The Revenue appealed against the order dated 30.04.2025 passed by the Commissioner of Income Tax (Appeals), NFAC, Delhi, relating to penalty proceedings under Section 270A of the Income Tax Act, 1961. The Assessing Officer (AO) had levied penalty through an ex parte order dated 12.06.2023. Although the assessee did not comply with notices issued during both the assessment and appellate proceedings, the CIT(A) partly allowed relief by deleting a penalty of Rs. 73,47,400 while confirming a penalty of Rs. 4,66,462.

The Revenue challenged the deletion of the penalty relating to alleged under-reporting and misreporting of income of Rs. 1 crore received as prize money from the Sikkim State Lottery. It also contested the CIT(A)’s treatment of the prize money as turnover despite non-compliance by the assessee and rejection of books of account under Section 145(3).

Before the Tribunal, the assessee submitted that she became aware of the assessment order at a later stage and had subsequently filed an appeal in the quantum proceedings. A notice issued by the CIT(A), NFAC in the quantum appeal was produced to show that the quantum matter was pending.

The ITAT observed that the quantum appeal was still pending before the CIT(A). Accordingly, it set aside the impugned order and remanded the penalty issue to the CIT(A) for fresh adjudication along with the quantum appeal. The Revenue’s appeal was partly allowed for statistical purposes.

FULL TEXT OF THE ORDER OF ITAT KOLKATA

1. This appeal arises from order u/s 250 of the Income Tax Act, 1961 (hereafter “the Act”), dated 30.04.2025, passed by the Ld. Commissioner of Income Tax (Appeals), National Faceless Appeal Centre (NFAC), Delhi [hereafter “the Ld. CIT(A)”].

1.1 In this case, the penalty under Section 270A of the Act has been levied by the AO vide his order dated 12.06.2023. It is pertinent to note that the said order has been passed in an exparte manner as has been clearly mentioned on page 2 of the Ld. AO’s order. Thereafter, this matter travelled up to the Ld. CIT(A) where also, as per the noting in paragraph 3 at page 2 of the impugned order, the assessee never complied to any of the notices issued from the Ld. CIT(A)’s office. However, the assessee could succeed in part and only a penalty of Rs. 4,66,462/- was confirmed and the other penalty of Rs. 73,47,400/- was deleted.

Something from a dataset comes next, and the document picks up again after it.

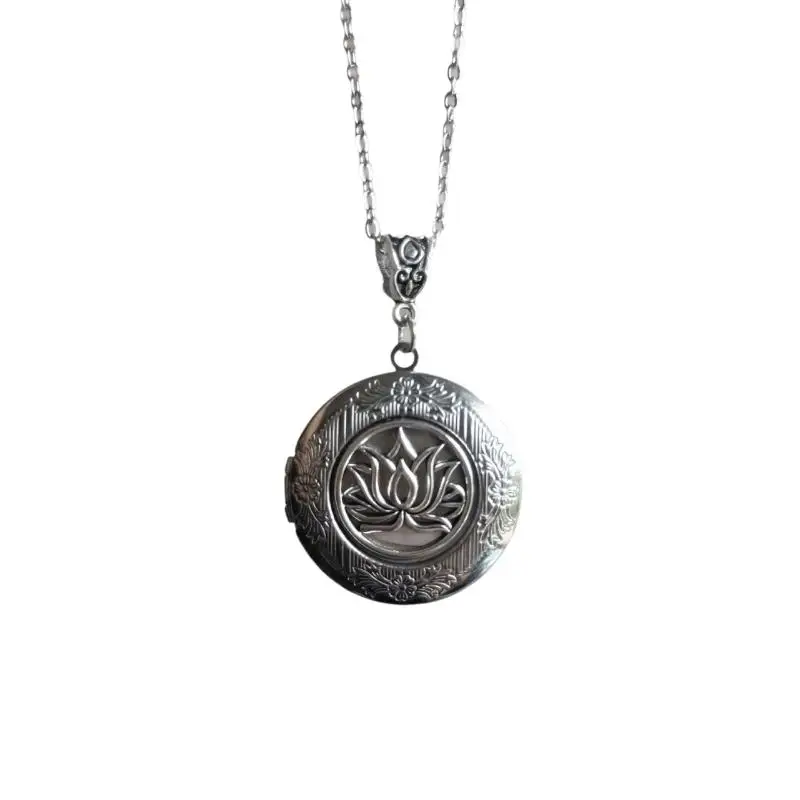 Stainless Steel Photo Frame Charm Necklace For Women Men Jewelry Gift Retro Lotus Flower Locket Pendant Openable Silver Color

1. 2 Aggrieved with this action, the Revenue has approached the ITAT with the two grounds as under:

“1. The Ld. CIT(A), NFAC Delhi has erred in deleting the penalty amount of Rs.73,47,400/-which is the 200% of the Tax Amount of Rs.36,73,700/- derived from the under reporting of income which is also consequent of mis-reporting of Rs.1,00,00,000/- (received as prize money from Sikkim State Lottery and the same has not been offered for tax under the head of Income from the other sources.

2. The Ld. CIT(A), NFAC Delhi has erred to treat the prize money of Rs.1,00,00,000/- as turnover i.e. the turnover of the assessee while the assessee remain non-compliance throughout the assessment proceedings never complied to any notice of the FAO and also when the FAO has rejected the books of account of the assessee as per the provision of the section 145(3) of the I. T. Act, 1961.”

2. Before us, the Ld. DR pointed out the finding in paragraph 2 of the assessment order dated 26.12.2022 and the relevant portion from the Ld. AO’s order under Section 270A of the Act (dated 12.06.2023). It was the submission that the Ld. AO’s order in levying penalty should be confirmed.

2.1 The Ld. AR made a statement at the Bar and filed a notice issued by CIT(A), NFAC in the quantum matter for this very same assessment year. It was the submission that the assessee was made aware of the assessment order at a much later stage and thereafter has filed an appeal in the quantum matter before the Ld. CIT(A). As evidence of this the notice fixing the date of hearing issued by the Ld. CIT(A), NFAC was placed on record for our perusal. It was the submission that the quantum matter is pending and hence there is no reason why the penalty matter should continue to be heard by the ITAT.

3. We have carefully considered the rival submissions and have gone through the records before us. It is obvious that the quantum matter is pending as of now at first appeal stage and hence the impugned order is set aside and this issue is remanded back to the file of Ld. CIT(A) for fresh adjudication, along with quantum matter. Needless to say, depending on the fate in the quantum matter, this penalty would either survive or fall as per the outcome thereon.

4. In result, appeal of the Revenue is partly allowed for statistical purposes.